Transcribe each entry in full, and leave the images out.

=== Extracted records ===

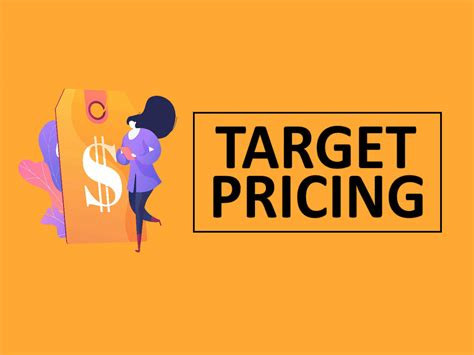 Target price. Things To Know About Target price. 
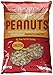 Hoody's In-Shell Classic Roast Peanuts Salted 5 Pounds primary
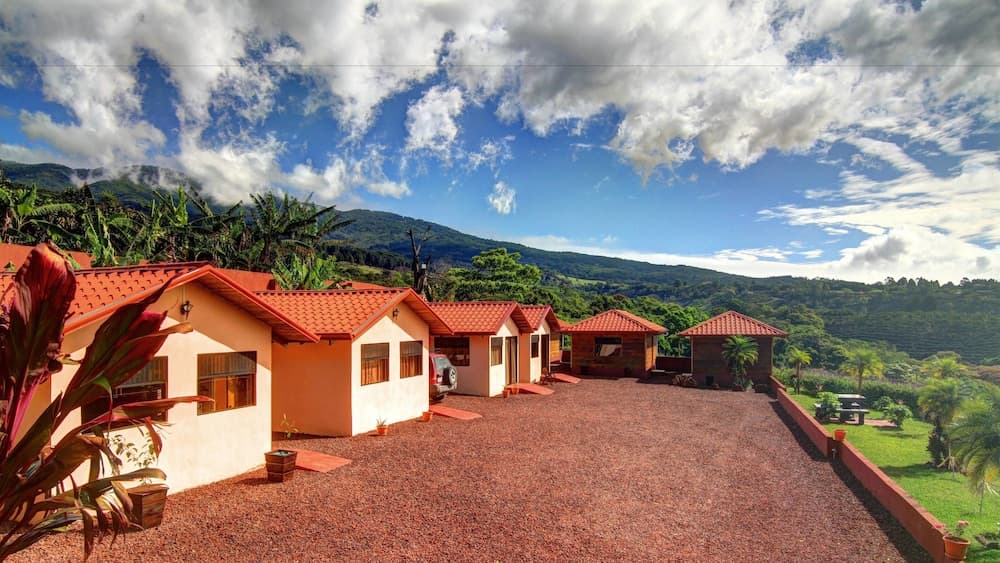 Hotel Mango Valley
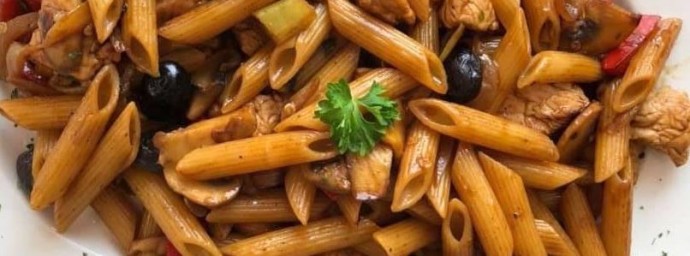 PENNE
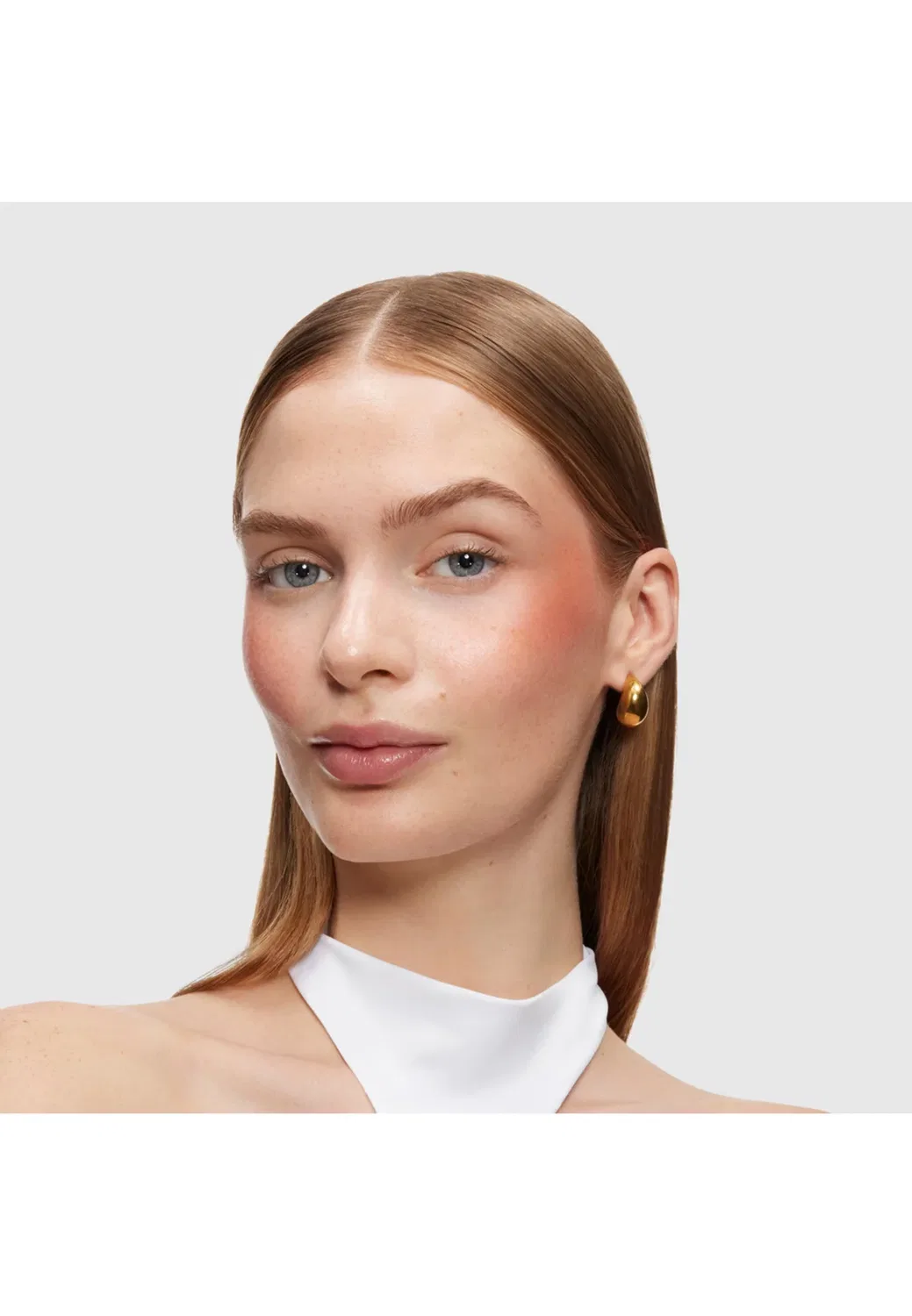 Румяна Juicy Tubes для щек - румяна Lancôme, Fig Jelly, 10 мл — фото 3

===

Answer area:
 Target price. Things To Know About Target price. 
 Hoody's In-Shell Classic Roast Peanuts Salted 5 Pounds primary
 Hotel Mango Valley
 PENNE
 Румяна Juicy Tubes для щек - румяна Lancôme, Fig Jelly, 10 мл — фото 3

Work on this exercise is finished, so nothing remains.